Because multiple petitions challenging the ETS had been filed in several circuits, the judicial panel on multidistrict litigation conducted a lottery to select one court of appeals to hear the petitions. On November 16, 2021, the Sixth Circuit was chosen in that lottery and all petitions were ultimately consolidated there. Shortly thereafter, OSHA filed an emergency motion to dissolve the Fifth Circuit’s stay of the ETS.
On December 17, 2021, a three-judge panel of the Sixth Circuit issued an order dissolving the Fifth Circuit’s stay. The majority opinion addressed several arguments that had been raised against the ETS both by petitioners and by the Fifth Circuit when renewing the stay, including:
Finding that OSHA had the statutory authority to implement a national vaccine-or-test mandate and that as an agent that causes bodily harm, a virus falls squarely within the scope of OSHA’s emergency standard statutory authority. The Court pointed to OSHA’s longstanding authority to protect workers against infectious diseases, both through the OSH Act and other statutes.
Rejecting the Fifth Circuit’s argument that the ETS violated the “major questions doctrine” because the ETS had too much “vast economic and political significance” to be implemented without a clear grant of authority from Congress. The Court found that the major questions doctrine was inapplicable both because OSHA had been granted the appropriate authority and because the ETS was not an enormous expansion of OSHA’s prior regulatory powers as OSHA has been regulating workplace health and safety for decades.
Finding that the ETS was based on substantial evidence and that OSHA enacted the ETS in a reasonable manner. Addressing the Fifth Circuit’s view that OSHA’s failure to implement the ETS at the outset of the pandemic implied that the ETS does not address a true emergency, the Court found that whether a true emergency exists does not turn on when OSHA implements the ETS. The Court cited OSHA’s reliance on the rise of the Delta variant and the FDA approval of several vaccines as evidence that OSHA was responding to a true emergency.

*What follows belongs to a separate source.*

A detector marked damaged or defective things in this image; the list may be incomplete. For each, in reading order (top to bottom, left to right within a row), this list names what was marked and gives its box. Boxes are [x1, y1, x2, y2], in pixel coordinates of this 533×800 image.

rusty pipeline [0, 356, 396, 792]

Rejecting the argument that OSHA needed to show potential COVID-19 exposure in all workplaces in order to prove COVID-19 is a “grave danger” as contemplated by the OSH Act. Instead the Court stated that OSHA’s public health data detailing the vast deleterious effect COVID-19 had on workers and the public at large proved COVID-19 was a “grave danger” to all workplaces.

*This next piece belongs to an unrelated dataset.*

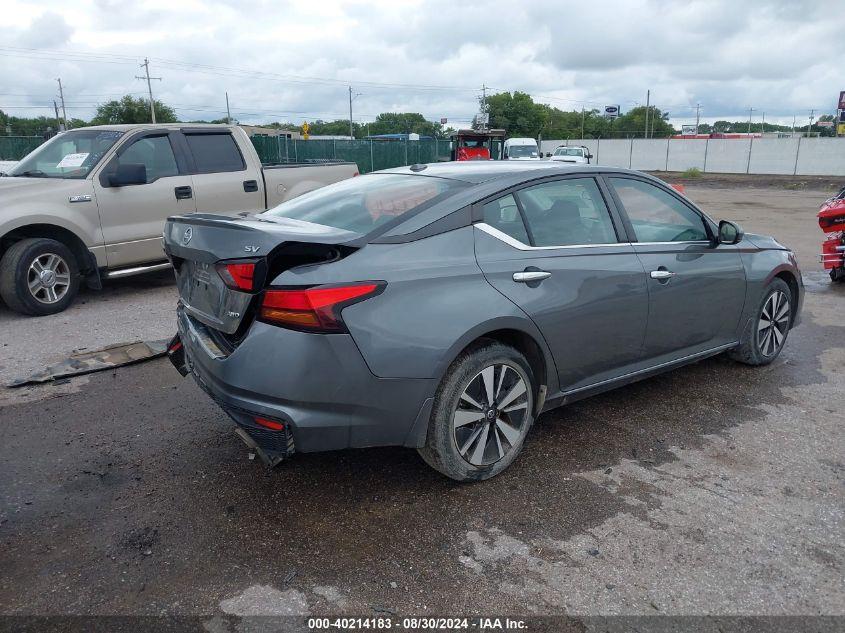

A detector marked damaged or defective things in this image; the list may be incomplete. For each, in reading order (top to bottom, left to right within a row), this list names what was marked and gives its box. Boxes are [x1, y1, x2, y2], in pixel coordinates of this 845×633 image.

rear bumper damage [171, 308, 436, 462]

Finding the ETS does not violate the Commerce Clause of the Constitution and rejecting the argument that infectious disease can only be addressed through the exercise of state police powers.

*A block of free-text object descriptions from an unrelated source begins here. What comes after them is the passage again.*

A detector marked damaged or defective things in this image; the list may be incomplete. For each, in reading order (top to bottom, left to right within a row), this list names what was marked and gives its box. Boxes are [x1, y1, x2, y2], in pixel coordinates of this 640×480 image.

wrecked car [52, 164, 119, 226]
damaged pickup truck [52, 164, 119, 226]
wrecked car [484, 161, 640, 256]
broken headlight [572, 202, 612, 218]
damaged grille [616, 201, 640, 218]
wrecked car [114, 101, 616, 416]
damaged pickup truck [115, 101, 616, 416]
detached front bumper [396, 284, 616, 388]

Concluding that petitioners could not show irreparable harm because the ETS provides employers with multiple options aside from vaccination itself (e.g. mask-and-test, seeking a variance from the standard, etc.). The Court found that delaying the implementation of the ETS puts workers and the general public at further risk by failing to curtail the spread of the COVID-19 virus.
In a dissent, Judge Joan Larsen argued that OSHA does not have the statutory authority to implement the ETS because the ETS was not narrowly tailored to only include requirements “necessary” to protect employees from “grave danger.” Specifically, Judge Larsen argued the ETS was overbroad as there were other reasonable alternatives, such as requiring vaccination only for the most vulnerable workers, and because the ETS applied to young workers who do not typically experience significant symptoms from COVID-19. Judge Larsen also argued that the ETS violates the major questions doctrine because OSHA has never issued an ETS mandating vaccination on such a broad scale and that petitioners will be irreparably harmed by the ETS because of the potential adverse employment action some employees will face and the potential worker shortage the vaccine mandate may cause.